● **SOURCE DATA**
━━━━━━
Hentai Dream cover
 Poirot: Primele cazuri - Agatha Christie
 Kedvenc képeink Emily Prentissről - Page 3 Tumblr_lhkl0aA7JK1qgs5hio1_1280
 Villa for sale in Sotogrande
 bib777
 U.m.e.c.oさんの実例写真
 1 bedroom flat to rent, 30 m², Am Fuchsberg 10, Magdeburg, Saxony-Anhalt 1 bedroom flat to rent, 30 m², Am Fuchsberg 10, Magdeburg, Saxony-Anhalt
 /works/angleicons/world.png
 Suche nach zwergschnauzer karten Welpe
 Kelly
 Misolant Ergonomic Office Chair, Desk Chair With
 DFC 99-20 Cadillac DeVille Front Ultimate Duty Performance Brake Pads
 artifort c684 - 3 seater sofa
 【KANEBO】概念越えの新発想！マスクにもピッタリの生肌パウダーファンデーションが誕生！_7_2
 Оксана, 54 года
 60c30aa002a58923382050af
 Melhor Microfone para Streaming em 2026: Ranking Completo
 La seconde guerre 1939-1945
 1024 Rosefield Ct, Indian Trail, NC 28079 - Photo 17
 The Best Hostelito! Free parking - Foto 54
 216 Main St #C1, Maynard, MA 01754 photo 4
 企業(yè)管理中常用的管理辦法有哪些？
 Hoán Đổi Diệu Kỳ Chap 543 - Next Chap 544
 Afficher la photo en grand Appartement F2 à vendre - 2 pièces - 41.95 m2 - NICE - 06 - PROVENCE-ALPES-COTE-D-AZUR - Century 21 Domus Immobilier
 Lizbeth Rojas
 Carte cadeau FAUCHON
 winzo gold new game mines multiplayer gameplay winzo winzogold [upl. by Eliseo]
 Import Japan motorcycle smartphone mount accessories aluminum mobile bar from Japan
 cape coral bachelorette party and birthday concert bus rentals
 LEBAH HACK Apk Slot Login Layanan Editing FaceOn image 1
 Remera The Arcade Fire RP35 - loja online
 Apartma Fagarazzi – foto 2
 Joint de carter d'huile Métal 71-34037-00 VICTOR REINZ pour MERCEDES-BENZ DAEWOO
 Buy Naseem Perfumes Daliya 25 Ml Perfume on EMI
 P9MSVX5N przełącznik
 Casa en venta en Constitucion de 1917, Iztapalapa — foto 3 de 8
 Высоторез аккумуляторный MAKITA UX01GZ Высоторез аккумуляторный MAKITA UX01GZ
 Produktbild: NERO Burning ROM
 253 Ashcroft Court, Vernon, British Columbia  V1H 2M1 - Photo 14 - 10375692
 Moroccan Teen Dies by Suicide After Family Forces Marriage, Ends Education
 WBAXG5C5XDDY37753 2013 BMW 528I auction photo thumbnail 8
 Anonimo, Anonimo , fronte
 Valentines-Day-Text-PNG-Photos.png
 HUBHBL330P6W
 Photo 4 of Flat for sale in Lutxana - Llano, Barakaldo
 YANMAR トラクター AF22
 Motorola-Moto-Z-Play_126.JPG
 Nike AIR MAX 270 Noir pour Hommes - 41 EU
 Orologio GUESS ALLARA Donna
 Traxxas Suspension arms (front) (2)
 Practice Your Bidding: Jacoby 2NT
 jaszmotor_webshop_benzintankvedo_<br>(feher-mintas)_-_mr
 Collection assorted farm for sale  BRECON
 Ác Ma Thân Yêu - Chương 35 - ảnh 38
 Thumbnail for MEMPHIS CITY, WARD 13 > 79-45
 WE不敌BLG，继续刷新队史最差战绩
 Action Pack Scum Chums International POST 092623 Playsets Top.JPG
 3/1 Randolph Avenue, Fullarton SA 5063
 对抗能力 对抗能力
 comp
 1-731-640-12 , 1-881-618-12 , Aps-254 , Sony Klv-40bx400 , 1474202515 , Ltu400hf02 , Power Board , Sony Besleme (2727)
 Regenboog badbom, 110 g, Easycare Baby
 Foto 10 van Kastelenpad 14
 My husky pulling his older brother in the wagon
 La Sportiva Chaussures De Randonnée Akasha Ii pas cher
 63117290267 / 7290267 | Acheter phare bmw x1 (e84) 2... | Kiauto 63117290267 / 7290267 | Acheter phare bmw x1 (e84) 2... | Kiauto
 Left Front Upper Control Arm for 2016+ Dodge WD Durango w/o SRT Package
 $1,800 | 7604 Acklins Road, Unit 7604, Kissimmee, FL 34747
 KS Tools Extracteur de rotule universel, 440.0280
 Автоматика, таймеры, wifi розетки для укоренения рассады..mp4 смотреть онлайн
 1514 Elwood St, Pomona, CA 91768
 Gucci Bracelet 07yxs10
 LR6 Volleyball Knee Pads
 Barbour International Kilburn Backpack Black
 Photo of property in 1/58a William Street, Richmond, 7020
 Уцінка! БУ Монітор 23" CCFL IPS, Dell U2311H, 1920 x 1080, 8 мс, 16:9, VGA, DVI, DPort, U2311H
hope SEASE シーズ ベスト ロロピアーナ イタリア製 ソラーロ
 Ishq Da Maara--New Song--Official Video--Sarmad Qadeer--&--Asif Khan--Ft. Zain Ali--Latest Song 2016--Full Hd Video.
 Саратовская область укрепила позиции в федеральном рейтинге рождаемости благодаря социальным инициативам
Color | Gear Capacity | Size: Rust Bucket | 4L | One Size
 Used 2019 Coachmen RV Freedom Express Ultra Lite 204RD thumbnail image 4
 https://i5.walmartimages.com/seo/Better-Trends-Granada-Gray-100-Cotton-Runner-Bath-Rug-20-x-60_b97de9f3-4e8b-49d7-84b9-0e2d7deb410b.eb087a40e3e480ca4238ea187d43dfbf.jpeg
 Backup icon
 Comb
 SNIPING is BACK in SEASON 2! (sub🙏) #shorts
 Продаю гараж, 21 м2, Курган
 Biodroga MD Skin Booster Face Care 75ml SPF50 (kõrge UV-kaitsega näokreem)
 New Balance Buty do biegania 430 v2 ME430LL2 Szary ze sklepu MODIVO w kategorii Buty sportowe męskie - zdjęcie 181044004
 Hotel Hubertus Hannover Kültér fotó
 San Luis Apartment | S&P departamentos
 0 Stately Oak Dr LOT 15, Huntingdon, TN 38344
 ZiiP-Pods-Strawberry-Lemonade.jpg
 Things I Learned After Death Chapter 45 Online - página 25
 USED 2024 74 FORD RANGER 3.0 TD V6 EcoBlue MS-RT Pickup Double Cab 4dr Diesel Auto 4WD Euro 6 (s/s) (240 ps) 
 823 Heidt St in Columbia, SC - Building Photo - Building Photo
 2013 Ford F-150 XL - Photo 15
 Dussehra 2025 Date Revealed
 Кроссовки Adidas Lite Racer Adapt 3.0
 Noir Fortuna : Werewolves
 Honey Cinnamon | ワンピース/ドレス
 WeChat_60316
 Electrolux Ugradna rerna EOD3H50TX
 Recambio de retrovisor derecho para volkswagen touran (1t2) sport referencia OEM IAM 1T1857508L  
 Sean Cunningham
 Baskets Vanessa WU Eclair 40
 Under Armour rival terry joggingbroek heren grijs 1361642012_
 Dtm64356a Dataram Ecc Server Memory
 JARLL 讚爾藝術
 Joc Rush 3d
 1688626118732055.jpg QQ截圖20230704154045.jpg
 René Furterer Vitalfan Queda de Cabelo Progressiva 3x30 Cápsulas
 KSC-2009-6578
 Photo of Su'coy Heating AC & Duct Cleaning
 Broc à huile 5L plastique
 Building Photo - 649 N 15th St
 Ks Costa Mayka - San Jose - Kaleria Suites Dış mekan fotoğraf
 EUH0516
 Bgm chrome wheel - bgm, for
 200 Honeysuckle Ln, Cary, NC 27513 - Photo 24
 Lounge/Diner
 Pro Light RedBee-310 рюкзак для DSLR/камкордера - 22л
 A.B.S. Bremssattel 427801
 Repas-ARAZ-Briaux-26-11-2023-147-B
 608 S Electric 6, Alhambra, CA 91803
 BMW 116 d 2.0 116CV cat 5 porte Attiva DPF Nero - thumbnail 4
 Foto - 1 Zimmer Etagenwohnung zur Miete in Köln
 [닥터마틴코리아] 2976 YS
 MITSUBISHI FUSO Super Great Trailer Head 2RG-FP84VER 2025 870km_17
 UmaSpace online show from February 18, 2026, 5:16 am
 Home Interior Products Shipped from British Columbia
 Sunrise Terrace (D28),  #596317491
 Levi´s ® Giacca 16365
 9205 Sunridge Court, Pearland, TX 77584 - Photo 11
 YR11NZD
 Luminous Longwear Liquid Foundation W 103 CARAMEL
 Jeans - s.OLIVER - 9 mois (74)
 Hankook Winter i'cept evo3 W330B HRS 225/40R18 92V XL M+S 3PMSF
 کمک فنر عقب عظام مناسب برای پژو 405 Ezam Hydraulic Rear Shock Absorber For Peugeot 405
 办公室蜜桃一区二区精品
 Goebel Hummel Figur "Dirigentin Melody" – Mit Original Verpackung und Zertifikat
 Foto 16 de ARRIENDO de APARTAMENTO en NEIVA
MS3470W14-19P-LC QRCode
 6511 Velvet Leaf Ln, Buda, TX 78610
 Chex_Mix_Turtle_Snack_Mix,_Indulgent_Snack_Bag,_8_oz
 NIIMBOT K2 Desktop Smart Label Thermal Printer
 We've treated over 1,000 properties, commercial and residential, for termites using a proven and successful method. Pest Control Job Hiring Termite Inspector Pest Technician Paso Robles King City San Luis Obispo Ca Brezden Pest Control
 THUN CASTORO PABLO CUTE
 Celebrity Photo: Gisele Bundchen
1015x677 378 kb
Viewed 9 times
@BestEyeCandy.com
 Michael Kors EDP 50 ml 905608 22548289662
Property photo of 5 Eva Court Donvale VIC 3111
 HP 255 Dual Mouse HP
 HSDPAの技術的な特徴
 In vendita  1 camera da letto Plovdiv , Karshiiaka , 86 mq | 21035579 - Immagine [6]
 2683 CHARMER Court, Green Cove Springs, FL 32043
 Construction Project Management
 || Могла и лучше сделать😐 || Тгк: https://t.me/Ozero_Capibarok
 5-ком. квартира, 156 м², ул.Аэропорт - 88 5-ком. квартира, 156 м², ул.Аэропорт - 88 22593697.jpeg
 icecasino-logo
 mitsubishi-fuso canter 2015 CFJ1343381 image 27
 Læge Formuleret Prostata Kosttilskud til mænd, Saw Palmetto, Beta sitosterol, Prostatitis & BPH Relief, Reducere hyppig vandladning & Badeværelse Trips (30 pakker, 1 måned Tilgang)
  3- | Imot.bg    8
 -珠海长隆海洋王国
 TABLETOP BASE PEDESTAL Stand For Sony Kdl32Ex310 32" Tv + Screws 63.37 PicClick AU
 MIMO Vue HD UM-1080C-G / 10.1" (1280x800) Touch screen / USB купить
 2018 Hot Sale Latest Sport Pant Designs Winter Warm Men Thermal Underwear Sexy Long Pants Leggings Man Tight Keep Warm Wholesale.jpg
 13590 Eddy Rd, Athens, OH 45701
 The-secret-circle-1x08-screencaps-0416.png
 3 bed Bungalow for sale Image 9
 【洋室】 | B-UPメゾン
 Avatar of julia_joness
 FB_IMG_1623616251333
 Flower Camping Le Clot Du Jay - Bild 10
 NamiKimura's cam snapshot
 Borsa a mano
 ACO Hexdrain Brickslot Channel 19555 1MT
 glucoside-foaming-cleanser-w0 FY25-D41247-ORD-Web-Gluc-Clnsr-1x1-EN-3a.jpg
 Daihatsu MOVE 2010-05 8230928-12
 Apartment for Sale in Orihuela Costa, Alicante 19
━━━━━━
● **WHAT TO PRODUCE**
Report back each line of the entries that holds the string "British".

● **EXERCISE OUTPUT**
 253 Ashcroft Court, Vernon, British Columbia  V1H 2M1 - Photo 14 - 10375692
 Home Interior Products Shipped from British Columbia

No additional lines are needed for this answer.